== Segment start ==
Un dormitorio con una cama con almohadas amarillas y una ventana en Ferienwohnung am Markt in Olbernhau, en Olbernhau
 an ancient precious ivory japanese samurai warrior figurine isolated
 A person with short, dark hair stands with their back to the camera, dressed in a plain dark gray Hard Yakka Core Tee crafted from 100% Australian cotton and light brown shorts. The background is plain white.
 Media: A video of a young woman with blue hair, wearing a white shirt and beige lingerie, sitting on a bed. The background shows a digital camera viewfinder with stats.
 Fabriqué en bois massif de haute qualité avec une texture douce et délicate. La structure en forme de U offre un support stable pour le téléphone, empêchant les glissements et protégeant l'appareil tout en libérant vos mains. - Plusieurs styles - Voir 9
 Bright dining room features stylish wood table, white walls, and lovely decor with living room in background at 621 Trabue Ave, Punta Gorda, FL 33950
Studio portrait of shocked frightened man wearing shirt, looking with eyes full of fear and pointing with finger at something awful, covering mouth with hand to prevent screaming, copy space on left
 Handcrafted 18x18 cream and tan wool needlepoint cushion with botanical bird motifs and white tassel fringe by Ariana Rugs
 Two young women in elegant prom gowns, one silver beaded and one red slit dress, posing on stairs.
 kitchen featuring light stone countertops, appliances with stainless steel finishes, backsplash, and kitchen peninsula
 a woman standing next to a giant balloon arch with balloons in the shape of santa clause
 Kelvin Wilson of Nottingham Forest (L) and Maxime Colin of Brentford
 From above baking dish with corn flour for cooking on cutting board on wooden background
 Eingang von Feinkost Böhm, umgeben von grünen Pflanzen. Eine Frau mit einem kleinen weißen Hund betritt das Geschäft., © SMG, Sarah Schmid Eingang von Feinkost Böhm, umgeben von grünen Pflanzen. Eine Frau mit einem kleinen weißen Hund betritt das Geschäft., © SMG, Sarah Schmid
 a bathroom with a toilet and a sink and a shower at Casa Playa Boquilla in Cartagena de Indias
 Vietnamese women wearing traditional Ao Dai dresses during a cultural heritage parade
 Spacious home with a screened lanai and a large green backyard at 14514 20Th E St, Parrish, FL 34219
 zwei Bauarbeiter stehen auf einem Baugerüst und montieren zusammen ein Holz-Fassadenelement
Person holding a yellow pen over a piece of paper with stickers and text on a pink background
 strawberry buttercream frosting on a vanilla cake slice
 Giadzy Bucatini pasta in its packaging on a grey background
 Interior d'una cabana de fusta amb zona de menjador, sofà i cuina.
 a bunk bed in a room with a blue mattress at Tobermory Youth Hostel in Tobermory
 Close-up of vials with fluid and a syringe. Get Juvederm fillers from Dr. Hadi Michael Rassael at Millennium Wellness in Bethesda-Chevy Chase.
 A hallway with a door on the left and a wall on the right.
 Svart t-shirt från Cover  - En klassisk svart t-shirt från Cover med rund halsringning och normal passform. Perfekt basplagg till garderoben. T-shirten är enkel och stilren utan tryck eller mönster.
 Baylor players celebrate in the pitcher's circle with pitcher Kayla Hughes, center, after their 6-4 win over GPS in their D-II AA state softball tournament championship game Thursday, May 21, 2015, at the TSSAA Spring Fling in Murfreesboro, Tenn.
== Segment end ==
Task statement: Return the material above in full, word for word.

Answer for this exercise:
Un dormitorio con una cama con almohadas amarillas y una ventana en Ferienwohnung am Markt in Olbernhau, en Olbernhau
 an ancient precious ivory japanese samurai warrior figurine isolated
 A person with short, dark hair stands with their back to the camera, dressed in a plain dark gray Hard Yakka Core Tee crafted from 100% Australian cotton and light brown shorts. The background is plain white.
 Media: A video of a young woman with blue hair, wearing a white shirt and beige lingerie, sitting on a bed. The background shows a digital camera viewfinder with stats.
 Fabriqué en bois massif de haute qualité avec une texture douce et délicate. La structure en forme de U offre un support stable pour le téléphone, empêchant les glissements et protégeant l'appareil tout en libérant vos mains. - Plusieurs styles - Voir 9
 Bright dining room features stylish wood table, white walls, and lovely decor with living room in background at 621 Trabue Ave, Punta Gorda, FL 33950
Studio portrait of shocked frightened man wearing shirt, looking with eyes full of fear and pointing with finger at something awful, covering mouth with hand to prevent screaming, copy space on left
 Handcrafted 18x18 cream and tan wool needlepoint cushion with botanical bird motifs and white tassel fringe by Ariana Rugs
 Two young women in elegant prom gowns, one silver beaded and one red slit dress, posing on stairs.
 kitchen featuring light stone countertops, appliances with stainless steel finishes, backsplash, and kitchen peninsula
 a woman standing next to a giant balloon arch with balloons in the shape of santa clause
 Kelvin Wilson of Nottingham Forest (L) and Maxime Colin of Brentford
 From above baking dish with corn flour for cooking on cutting board on wooden background
 Eingang von Feinkost Böhm, umgeben von grünen Pflanzen. Eine Frau mit einem kleinen weißen Hund betritt das Geschäft., © SMG, Sarah Schmid Eingang von Feinkost Böhm, umgeben von grünen Pflanzen. Eine Frau mit einem kleinen weißen Hund betritt das Geschäft., © SMG, Sarah Schmid
 a bathroom with a toilet and a sink and a shower at Casa Playa Boquilla in Cartagena de Indias
 Vietnamese women wearing traditional Ao Dai dresses during a cultural heritage parade
 Spacious home with a screened lanai and a large green backyard at 14514 20Th E St, Parrish, FL 34219
 zwei Bauarbeiter stehen auf einem Baugerüst und montieren zusammen ein Holz-Fassadenelement
Person holding a yellow pen over a piece of paper with stickers and text on a pink background
 strawberry buttercream frosting on a vanilla cake slice
 Giadzy Bucatini pasta in its packaging on a grey background
 Interior d'una cabana de fusta amb zona de menjador, sofà i cuina.
 a bunk bed in a room with a blue mattress at Tobermory Youth Hostel in Tobermory
 Close-up of vials with fluid and a syringe. Get Juvederm fillers from Dr. Hadi Michael Rassael at Millennium Wellness in Bethesda-Chevy Chase.
 A hallway with a door on the left and a wall on the right.
 Svart t-shirt från Cover  - En klassisk svart t-shirt från Cover med rund halsringning och normal passform. Perfekt basplagg till garderoben. T-shirten är enkel och stilren utan tryck eller mönster.
 Baylor players celebrate in the pitcher's circle with pitcher Kayla Hughes, center, after their 6-4 win over GPS in their D-II AA state softball tournament championship game Thursday, May 21, 2015, at the TSSAA Spring Fling in Murfreesboro, Tenn.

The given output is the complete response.